Inspiration to enter the trade changes based on the cars themselves, but also in what cars represent to individuals in the specific age and society that creates them.
“The automobile is both an instigator of change, and a reflection of broader values in society,” according to Anastakis. This societal effect of cars influences the motivations of individuals entering the industry.
“The kids of the 1980s, 1990s and 2000s, seem to have this ‘I want to do what I want to do’ mentality,” said Sookraj.
“Whereas previous generations were of the mindset: ‘I want to do what pays the bills.” The reasons an individual joins the industry can vary as car trends fall in and out of style, as evidenced by Sookraj’s dealings with Oblivion Car Show, a car show focused particularly on 80s/90s vehicles rather than the overarching term of “classics.”
“I look back about 20 years—the cars were a lot easier to tinker with,” said Sookraj. It is also potentially true for the EV/AV boom, which relies on computer technology to maintain vehicles, rather than the simpler mechanical fixes of the past.

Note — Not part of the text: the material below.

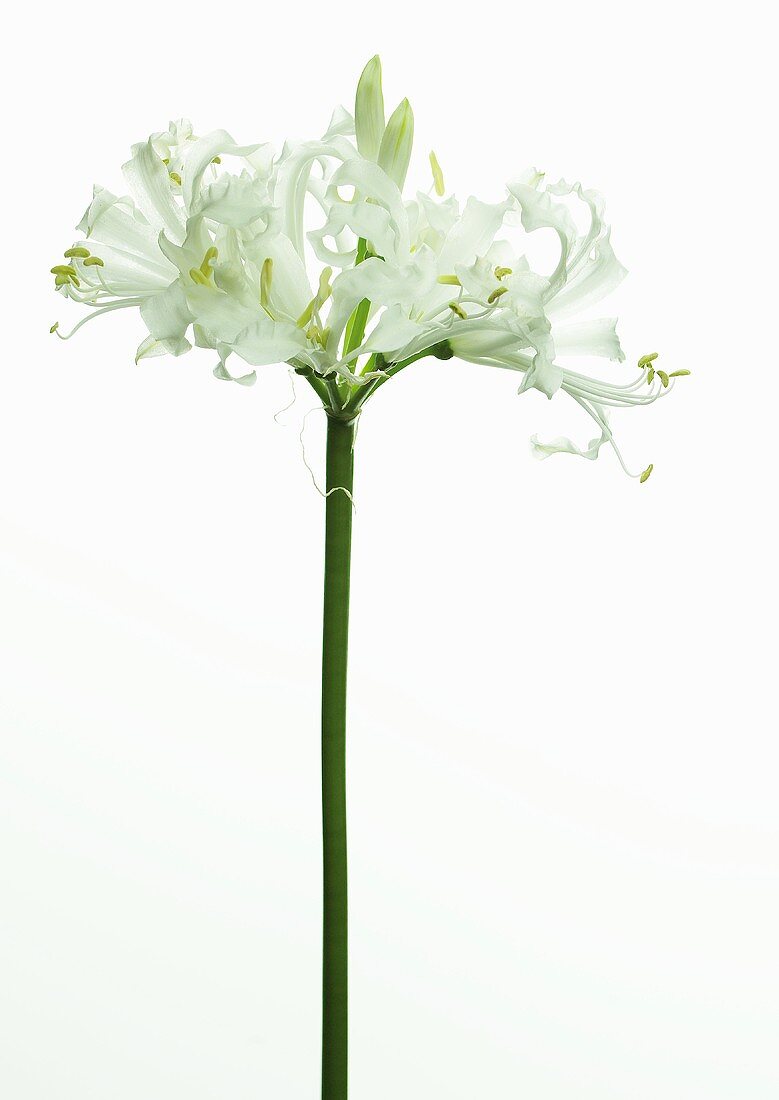 weiße Nerine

“One of the concerns with all these hightech, electric self-driving vehicles is that computer technology gets outdated very quickly,” said Gates.
“There’s a whole different set of skills. That old stereotype of working on the car in the garage or on Saturday morning is a thing of the past.”
“It’s much less hands-on. You’re not going to have grandpa and his grandson working on their Tesla out front 40 years from now because you simply won’t be able to work on a Tesla in the same way as a car from the 20th century. That technology will be long outdated,” Gates continued.
Another historical inspiration for entering the automotive industry is popular culture. What people see on TV, in film or online can draw people to their initial interest in vehicles. “The way that people view classic cars or cars of the past is directly influenced by what their seeing in [pop culture] these days,” said Gates.
Sookraj, however, counters this idea. “None of that stuff really applies anymore.” Gates’ work at the Canadian Automotive Museum, however, focuses on the popular aspects of cars in media. This works to, “link cultural connections to…cars, because otherwise, they can be out of context,” he explained. What is cool to look at, drive or appreciate can gain additional meaning from its placement within pop culture, but what is popular is often driven by the young. “Part of car culture is a youth culture,” said Sookraj.
“Young people are typically interested in what is new and what is exciting,” added Gates. The reasons people enter the trade may be varied, both generationally and personally— but a car never fails to make anyone feel special, according to Anastakis’ travels. “People who are really into cars, they’re primarily into them because they love the feeling cars give them, in terms of image identity and status,” he said. “There’s a whole kind of aesthetic that people are really interested in. There’s a whole status that people are drawn into.”